Especially over the last week, editorial boards at newspapers across Texas have been focusing on the corrosive politics, blind ignorance and rampant incompetence evident on the State Board of Education. Editorial writers are heaping criticism on state board members who are once again wrecking the work of educators and scholars in crafting new curriculum standards — this time for social studies classrooms in the state’s public schools.
The dismay of San Antonio-Express News editorial writers, for example, was crystal clear today as they explained the state board’s outrageously misinformed decision this month to remove from the social studies standards the author of a popular children’s book, Brown Bear, Brown Bear, What Do You See? Apparently, board member Terri Leo, R-Spring, had conducted a quick Internet search for the author’s name, Bill Martin, and mistakenly reported to board colleagues that he was the same Bill Martin who had written a book about Marxism.
Board members didn’t ask for input from the curriuclum writers, teachers or scholars. They simply accepted Ms. Leo’s research as fact and voted to strip Martin’s name from the Grade 3 standards. (Did they really think curriculum writers wanted third-graders to learn about the author of a book on Marxism?) From the Express-News today:
“How could the board that oversees public education in the great state of Texas have made such a mistake? By relying on research so superficial and shoddy that it would have earned any fifth-grader a failing grade. . . . For once again demonstrating that it can’t be trusted to pass sound judgments about public school curriculum, the State Board of Education owes the people of Texas an apology.”
The Express-News had already revealed its exasperation with the state board in an editorial on Jan. 21:
“The State Board of Education’s recent actions over the social studies curriculum undermined the already weakened credibility of this highly polarized board. Once again, it appears the board members are more focused on their own political agendas than helping provide the 4.7 million Texas public school children with a quality education that will make them competitive globally. . . . SBOE members just don’t get it. They deserve an F on their critical thinking skills in setting the curriculum standards for textbooks. The books are not just about them and their personal views of the world. The board must stop micromanaging public education.”

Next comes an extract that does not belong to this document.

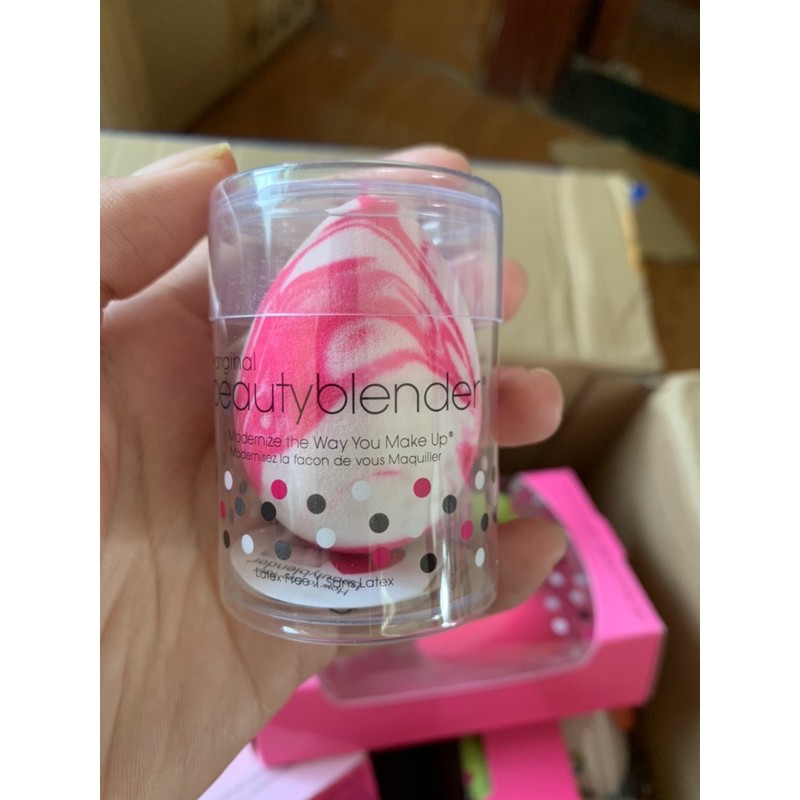 Mút tán kem nền beauty blender ANGELASHOP bông mút mềm tán kem mịn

Editorials at other newspapers have been even more scathing. Tuesday’s Denton Record-Chronicle, for example, condemned the state board’s “malignant stupidity”:
“These boobs on the State Board of Education aren’t historians, either. They aren’t even educators. For the most part, they are bottom-feeding politicians who have adopted the popular demagoguery of the day and have ridden it to membership on a little-known but very important state board.”
A Houston Chronicle editorial on Jan. 22 critized the state board for once again promoting political agendas over education:
“This is getting to be a familiar scenario: The Texas Board of Education, preparing to adopt new curriculum standards, makes our schoolchildren’s textbooks a matter of highly partisan wrangling. When the board met last week to discuss what to teach Texas’ public school students in history, geography, government and economics, their preliminary druthers were heavily weighted in favor of the blatantly divisive and ideological views of the board’s conservative majority. . . . This pattern would be troublesome in any agency, but when it concerns the very foundation of what we teach our 4.8 million public school students, how we equip them to grow into functioning adults and to compete in a national and international market, it is untenable.”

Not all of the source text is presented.